Las primeras palabras que Whitman me dijo fueron: “¡Viva Pancho Villa, viva Zapata, viva el tequila, viva México!” Frase invariable, repetida a cada encuentro. Como Georges sabía deslizar, en un prístino sobreentendido, la evidencia de una genealogía más bien oscura, no daba pie a preguntarle sin rodeos si Walt Whitman era su antepasado. Su ascendencia era tan clara como tácita: ¿no habría sido ostentoso presumir de su linaje? Además, ¿no era preferible para autores y lectores proclives a los mitos imaginar que se hablaba con el descendiente del poeta estadunidense?

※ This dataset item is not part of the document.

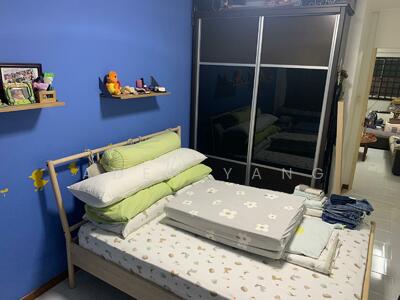 For Rent - 557 Hougang Street 51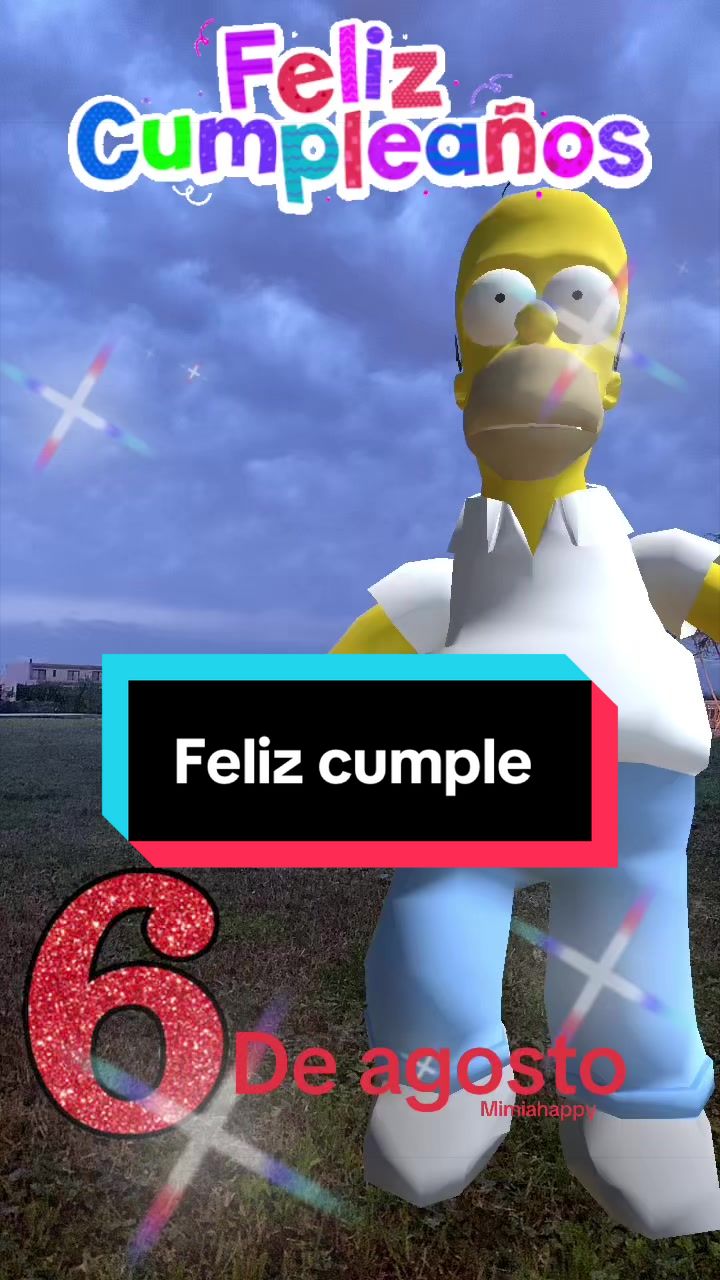 @Mimi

Muchas veces me pregunté si Georges, cuando me repetía sus vivas a los héroes mexicanos, ignoraba o prefería olvidar que, en plena guerra de anexión de Texas, Whitman escribió en el diario Brooklyn Eagle: “Sí, México debe ser severamente castigado. Que nuestras armas sirvan de hoy en adelante a enseñar al mundo entero que, aunque no nos plazcan las querellas, América sabe cómo golpear y conoce los medios de extenderse.” Ayudado por las felicitaciones de Emerson, quien llamaba hacía tiempo “a la emergencia de una poesía americana, libre de las influencias europeas”, Walt Whitman había sabido construir su mito sobre el pedestal de la potencia estadunidense.

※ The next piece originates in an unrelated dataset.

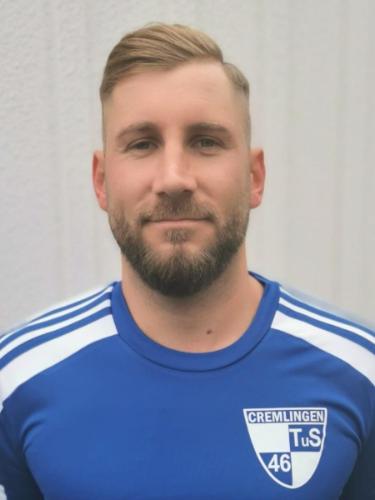 Florian Dinebier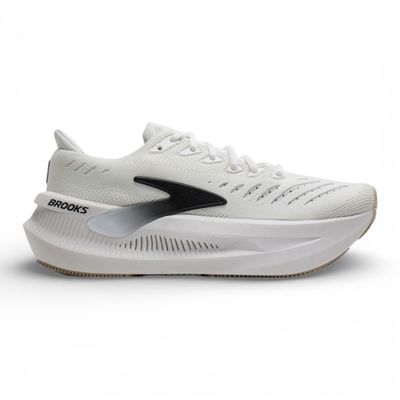 Brooks-Glycerin Max 2 Men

Ante los “¡viva México!”, fui dejando esta y otras preguntas para mañana. Después de todo, Georges tenía también derecho a construir su leyenda. Y el público a contribuir a su creación. Los implícitos se convertían en verdades legendarias y los mitos en realidad. En cuanto a los hechos históricos, ¿quién iba a preocuparse de sombras del pasado frente al espesor real del laberíntico local de la Bûcherie? Muchos visitantes están convencidos que es la misma librería fundada por Sylvia Beach. Algunos conocedores aclaran que Lawrence Durrell, amigo de Georges (la foto de ambos se expone a la entrada), intervino para que Sylvia lo autorizara a utilizar ese nombre.

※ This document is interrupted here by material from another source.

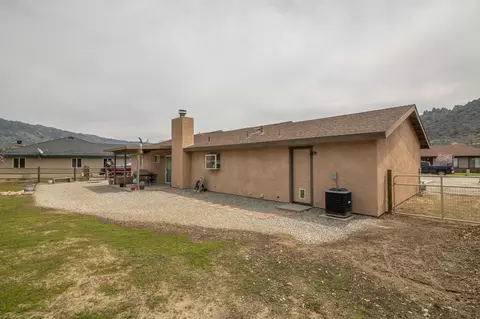 29521 Ryder Cup Ln, Tehachapi, CA 93561 photo 36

La pasión de Georges Whitman por la literatura y los libros es extrema. Para dar a su librería una vida más larga que la suya, Georges hizo su heredero a París. No tenía descendientes. A una edad algo avanzada, tuvo una hija. La madre es una Estuardo, según nos informó Whitman cuando fuimos a conocerla Colette y yo. Pero el dichoso papá, quien prefiere la nobleza literaria a la aristocrática, le dio como nombre de pila Sylvia Beach. La leyenda se sigue tejiendo entre sobreentendidos y anécdotas. Qué importa que sea real o imaginario, verdadero o falso: la mitología de Shakespeare and Company no deja de crecer.

Veo a Georges de vez en cuando en el barrio. Pasea a un perrito, come en una terraza donde puede fumar. Debe ser centenario. Las muchachas que trabajan en la librería, ahora desempolvada y administrada por Sylvia b. Whitman Stuart, hablan de noventa y ocho años. Ahora, cuando lo veo y me grita sus “¡vivas!” a los héroes mexicanos, pienso que es un hombre sin edad. En todo caso, más una leyenda que un hombre. Un poema viviente ya más imaginario que real.